Les pays d’Afrique Centrale, parce qu’ils abritent sur leur territoire la forêt du Bassin du Congo, se positionnent clairement depuis 1999 en faveur du développement durable sur la scène internationale[ii]. La Communauté Economique des Etats de l’Afrique Centrale (CEEAC) a même adopté à Brazzaville, le 16 juin 2012, sa position commune sur l’économie verte pour la Conférence Internationale de Rio+20. Les outils de financement de l’appui au développement de l’économie verte, comme le Fonds vert, tardent à voir le jour et finalement, les entrepreneurs congolais se disent peu influencés par ce qui se déroule sur la scène politique.
Au fil des discussions, deux critères se sont imposés pour différencier les entrepreneurs faisant partie de l’économie verte : la volonté d’avoir une activité d’intérêt général et un réel impact local.
Les entrepreneurs rencontrés ont fait des études, ils ont acquis une compétence qu’ils ont souhaité mettre à profit pour sortir leur pays du sous-développement. Ils ont aussi choisi de partager leurs connaissances pour améliorer, avec leurs produits ou leur service, les conditions de vie des populations. Ces entrepreneurs actifs dans le domaine des déchets, de la transformation agro-alimentaire, de l’eau, de la santé, passent une bonne partie de leur temps à former leurs salariés et à expliquer à leurs potentiels clients la valeur-ajoutée d’un produit local naturel. La consommation made in Congo est loin d’être une évidence, et une certaine méfiance habite les consommateurs congolais vis-à-vis de ces produits. L’un des entrepreneurs rencontrés fabrique par exemple des briques en argile, bien plus adaptées au climat équatorial que le ciment, mais délaissées par les Congolais. Il utilise un savoir-faire oublié au Congo, et se retrouve obligé de former non seulement ses salariés mais également les maçons employés par ses clients.
Les entrepreneurs « verts » cherchent à mettre en avant des circuits courts de commercialisation et des modes de production plus intégrés. Bien plus que le cœur de métier, le désir de l’entrepreneur de valoriser les savoir-faire ou les produits locaux apparaît alors déterminant pour faire entrer un entrepreneur dans l’économie verte.
Enfin, leur impact local est réel. Ils créent des emplois durables, qualifiés. Ils favorisent également l’émergence d’un tissu entrepreneurial durable autour de leur activité, sensible au respect de l’environnement et des cultures locales. Le cas du secteur agroalimentaire est particulièrement éclairant : pour sécuriser leur approvisionnement en matière première, les entrepreneurs actifs dans la transformation doivent structurer en amont la filière de production. Ils ont permis la création de coopératives agricoles et créent ainsi de nombreux emplois indirects tout en revalorisant les cultures locales perçues comme peu rentables.

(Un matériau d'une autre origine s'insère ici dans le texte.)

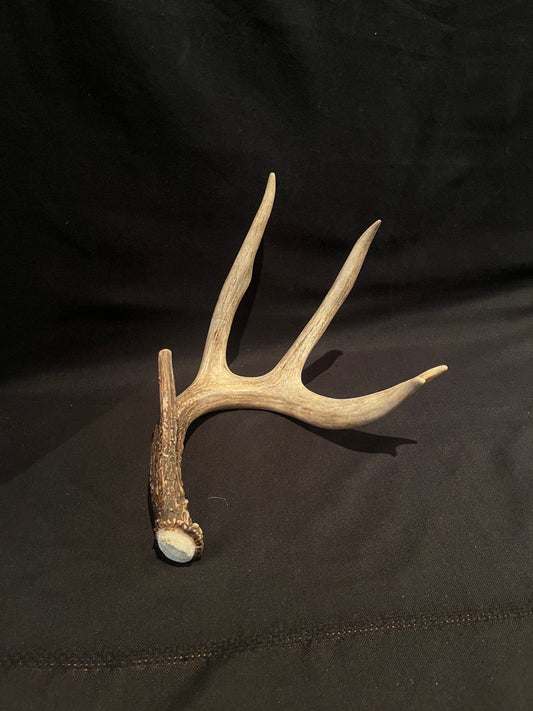 Deer Antler - classic large White-tailed deer Antler. Super fresh. Stunning wild deer antler for decor, design, crafting and more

Pour entreprendre, ils font face aux mêmes difficultés que la plupart des dirigeants d’entreprises au Congo, en particulier pour accéder au financement. Les entrepreneurs de l’économie verte gagnent des prix, des bourses, des reconnaissances internationales mais manquent cruellement de visibilité au niveau local.
Parler d’économie verte au Congo, c’est avant tout parler d’une motivation à entreprendre qui dépasse les bénéfices économiques potentiels pour se focaliser sur l’impact positif sur les populations et l’environnement. L’entrepreneuriat social devient alors une sorte de cousin germain de l’économie verte, qui mettrait plus l’accent sur l’impact social et dont l’impact environnemental serait un bonus. A mon sens, l’économie verte est l’application concrète, pratique et viable du volet économique du développement durable. Elle possède au Congo, et peut être plus généralement dans la sous-région, un potentiel qui ne demande qu’à être exploité pour favoriser un développement plus respectueux de l’environnement local.